#### What the exercise asks
Once you find the line in the listing below that contains "this 640×360 image.", copy it and every following line exactly, stopping at the end.
---- Provided data
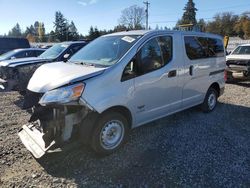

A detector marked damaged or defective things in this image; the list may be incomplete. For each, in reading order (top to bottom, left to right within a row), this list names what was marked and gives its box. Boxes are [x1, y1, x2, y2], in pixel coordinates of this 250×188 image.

broken headlight assembly [39, 82, 85, 106]
damaged white van [19, 30, 227, 158]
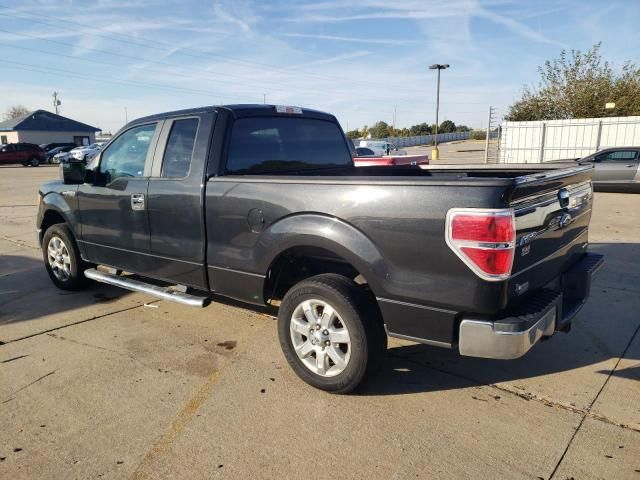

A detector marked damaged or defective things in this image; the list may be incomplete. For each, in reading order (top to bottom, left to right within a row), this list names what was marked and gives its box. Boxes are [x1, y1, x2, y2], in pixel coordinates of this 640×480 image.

pavement crack [1, 370, 56, 404]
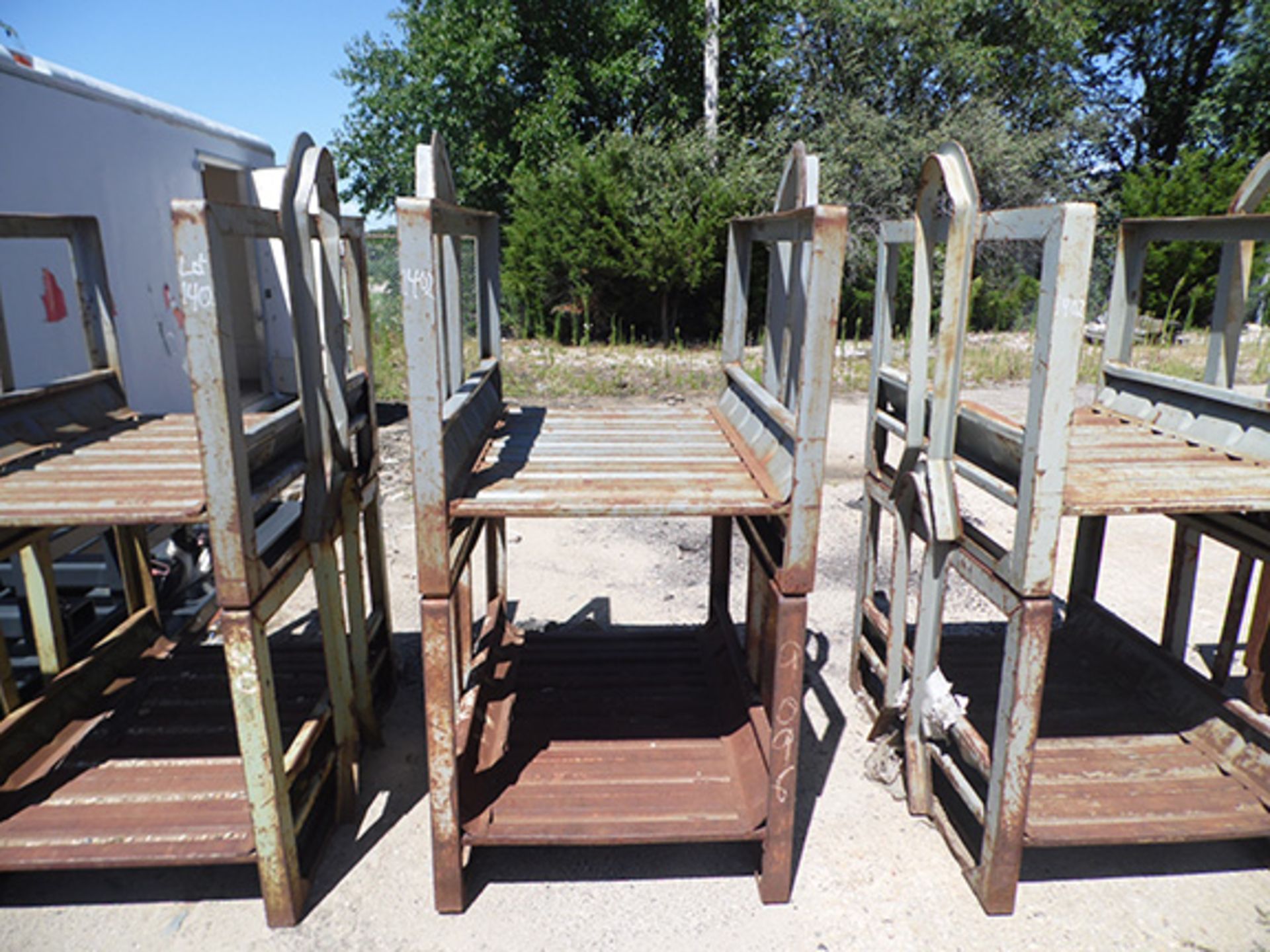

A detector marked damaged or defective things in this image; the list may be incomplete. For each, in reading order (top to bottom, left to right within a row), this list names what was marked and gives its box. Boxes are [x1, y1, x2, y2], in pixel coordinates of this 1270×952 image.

rusty metal rack [0, 130, 391, 929]
rusty metal rack [401, 138, 848, 914]
rusty metal frame [401, 138, 848, 914]
rusty metal rack [848, 141, 1270, 919]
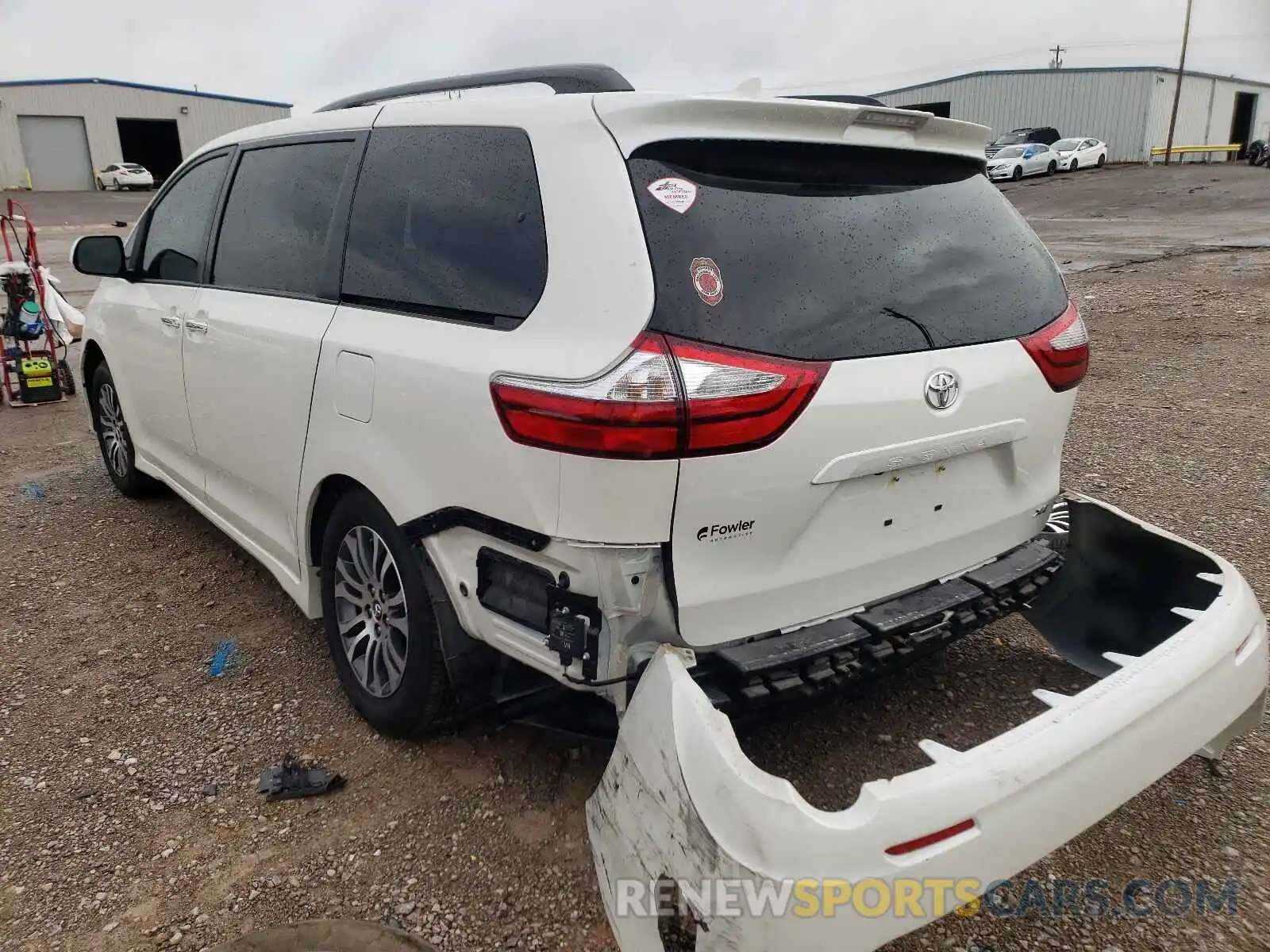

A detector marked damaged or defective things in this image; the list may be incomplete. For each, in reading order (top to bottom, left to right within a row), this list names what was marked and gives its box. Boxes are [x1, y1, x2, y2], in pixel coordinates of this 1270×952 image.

damaged rear of minivan [572, 95, 1264, 952]
detached white rear bumper cover [589, 500, 1264, 952]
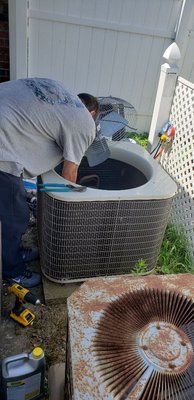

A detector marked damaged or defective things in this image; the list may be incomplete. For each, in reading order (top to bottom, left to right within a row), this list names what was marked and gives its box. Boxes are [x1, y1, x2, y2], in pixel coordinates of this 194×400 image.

rusty fan grille [92, 290, 194, 400]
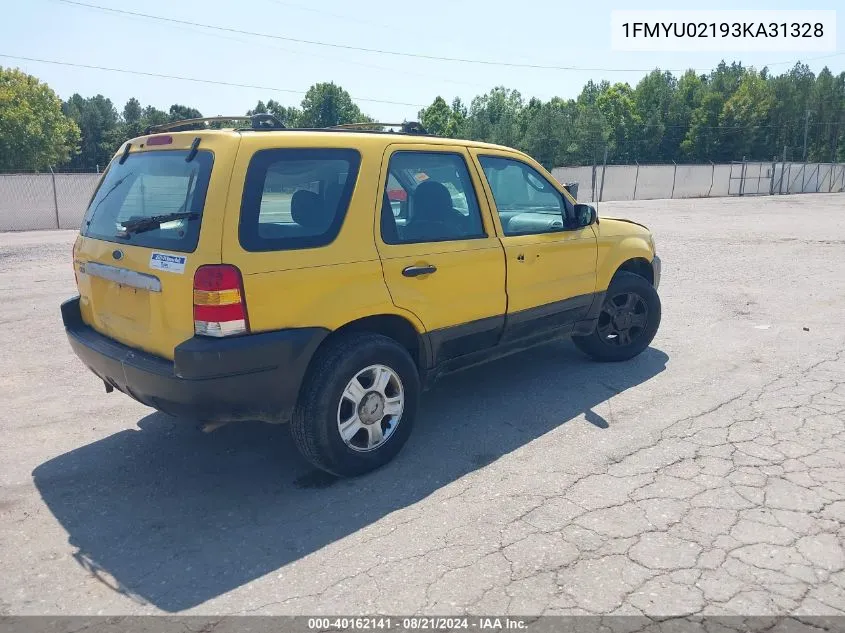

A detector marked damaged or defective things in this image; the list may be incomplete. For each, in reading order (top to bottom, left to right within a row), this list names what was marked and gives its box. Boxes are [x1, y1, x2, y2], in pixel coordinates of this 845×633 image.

dent on bumper [60, 298, 326, 424]
cracked asphalt [1, 193, 844, 612]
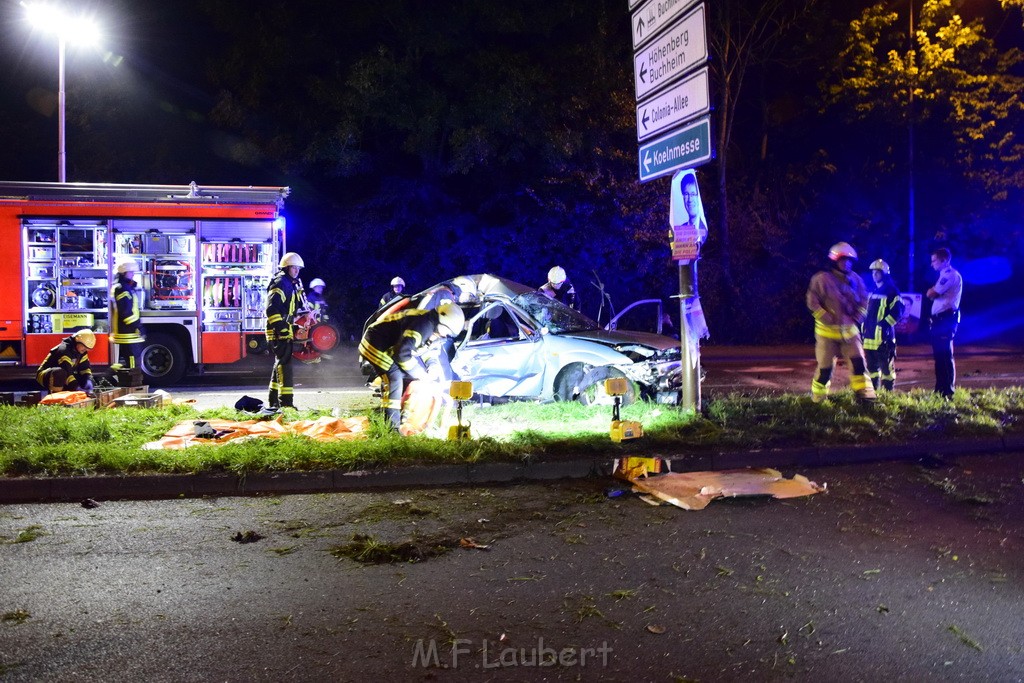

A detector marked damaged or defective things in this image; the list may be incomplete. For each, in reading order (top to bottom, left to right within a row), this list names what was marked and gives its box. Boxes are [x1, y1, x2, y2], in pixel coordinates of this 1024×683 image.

wrecked silver car [364, 274, 684, 406]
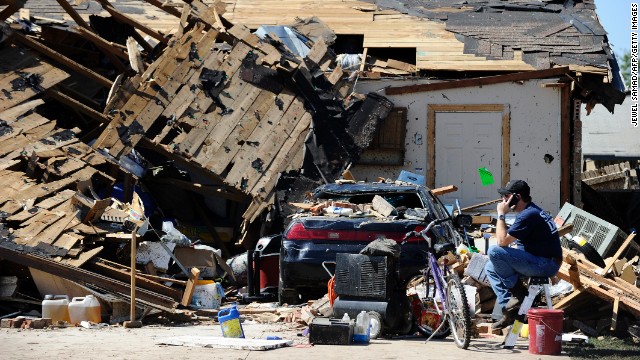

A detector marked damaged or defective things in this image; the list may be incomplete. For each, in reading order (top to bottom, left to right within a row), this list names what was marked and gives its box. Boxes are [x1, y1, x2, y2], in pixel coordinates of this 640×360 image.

splintered wood plank [204, 90, 276, 174]
splintered wood plank [221, 90, 298, 186]
splintered wood plank [235, 97, 308, 193]
splintered wood plank [7, 188, 75, 222]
--------
#### Answer box
A detector marked damaged or defective things in this image; the list may be incomplete. For each, in reading order (top to bottom, left to right within a row), this list names what was marked and gives its box. Boxes are [x1, y1, x2, y2], in pixel coordinates of this 640×360 image.

splintered wood plank [204, 90, 276, 174]
splintered wood plank [221, 90, 298, 186]
splintered wood plank [235, 97, 308, 193]
splintered wood plank [7, 188, 75, 222]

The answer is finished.